School of Engineering & Physical Sciences, Heriot-Watt University, Edinburgh EH14 4AS, UK.
Strathclyde Institute of Pharmacy and Biomedical Sciences, University of Strathclyde, 161 Cathedral Street, Glasgow, G4 0RE Scotland, UK.
Cell Signal. 2020 Dec;76:109806. doi: 10.1016/j.cellsig.2020.109806. Epub 2020 Oct 7.

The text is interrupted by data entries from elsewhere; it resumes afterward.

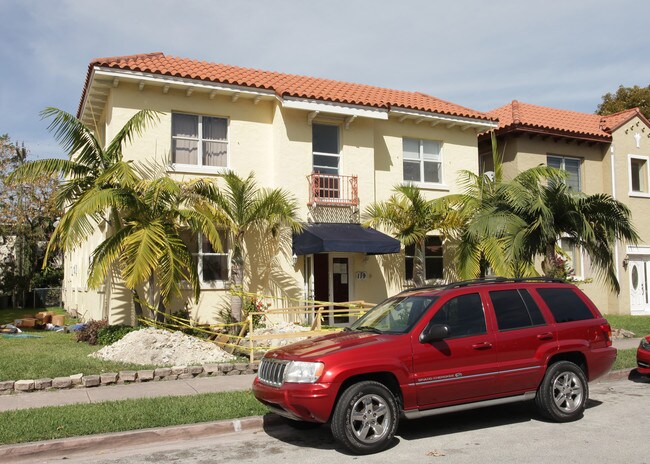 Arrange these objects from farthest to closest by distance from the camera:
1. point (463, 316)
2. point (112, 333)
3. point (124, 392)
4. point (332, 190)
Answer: point (332, 190)
point (112, 333)
point (124, 392)
point (463, 316)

The sphingosine kinases, SK1 and SK2, catalyse the formation of the bioactive signalling lipid, sphingosine 1-phosphate (S1P), from sphingosine. SK1 and SK2 differ in their subcellular localisation, trafficking and regulation, but the isoforms are also distinct in their selectivity toward naturally occurring and synthetic ligands as substrates and inhibitors. To date, only the structure of SK1 has been determined, and a structural basis for selectivity differences in substrate handling by SK2 has yet to be established. Here we present a structural rationale, based on homology modelling and ligand docking, to account for the capacity of SK2, but not SK1, to efficiently process the pharmacologically active substances, fingolimod (FTY720) and safingol, as substrates. We propose that two key residue differences in hSK2 (Ser305/Thr584 in place of Ala175/Ala339 in hSK1) facilitate conformational switching in the lipid head group anchor residue, Asp308 (corresponding to Asp178 in hSK1), to accommodate substrate diversity for SK2. Our analysis accounts for the contrasting behaviour of fingolimod and safingol as non-turnover inhibitors of SK1, but substrates for SK2, and the observed stereoselectivity for phosphorylation of the pro-S hydroxymethyl group of fingolimod to generate (S)-FTY720-P in vivo. We also rationalise why methylation of the pro-R hydroxymethyl of FTY720 switches the behaviour of the resulting compound, (R)-FTY720 methyl ether (ROMe), to SK2-selective inhibition. Whilst the pharmacological significance of (S)-FTY720-P is firmly established, as the active principle of fingolimod in treating relapsing-remitting multiple sclerosis, the potential importance of SK-mediated phosphorylation of other substrates, such as safingol and non-canonical naturally occuring substrates such as (4E,nZ)-sphingadienes, is less widely appreciated. Thus, the contribution of SK2-derived safingol 1-phosphate to the anti-cancer activity of safingol should be considered. Similarly, the biological role of sphingadiene 1-phosphates derived from plant-based dietary sphingadienes, which we also show here are substrates for both SK1 and SK2, merits investigation.
鞘氨醇激酶 1(SK1)和 2(SK2)催化鞘氨醇转化为生物活性信号脂质 1-磷酸鞘氨醇(S1P)。SK1 和 SK2 的亚细胞定位、运输和调节不同,但同工酶在天然和合成配体作为底物和抑制剂的选择性方面也存在差异。迄今为止,仅确定了 SK1 的结构,并且尚未建立 SK2 对底物处理的选择性差异的结构基础。在这里,我们基于同源建模和配体对接提出了一个结构原理,以解释 SK2 而不是 SK1 有效处理药理学上活跃的物质, fingolimod(FTY720)和 safingol 的能力。我们提出 hSK2 中的两个关键残基差异(Ser305/Thr584 取代 hSK1 中的 Ala175/Ala339)促进了脂质头部锚定残基 Asp308 的构象转换(对应于 hSK1 中的 Asp178),以适应 SK2 的底物多样性。我们的分析解释了 fingolimod 和 safingol 作为 SK1 的非周转率抑制剂但 SK2 的底物的相反行为,以及在体内生成(S)-FTY720-P 时对 fingolimod 的 pro-S 羟甲基的磷酸化的观察到的立体选择性。我们还解释了为什么 FTY720 的 pro-R 羟甲基的甲基化会使生成的化合物(R)-FTY720 甲基醚(ROMe)的行为转变为 SK2 选择性抑制。虽然(S)-FTY720-P 的药理学意义已得到牢固确立,作为 fingolimod 在治疗复发缓解型多发性硬化症中的活性成分,但 SK 介导的其他底物(如 safingol 和非典型天然存在的底物如(4E,nZ)-鞘氨二烯)的磷酸化的潜在重要性尚未得到广泛认识。因此,应该考虑 SK2 衍生的 safingol 1-磷酸对 safingol 的抗癌活性的贡献。同样,我们还在这里展示了植物源性鞘氨二烯的生物活性,我们也表明它们是 SK1 和 SK2 的底物,值得进一步研究。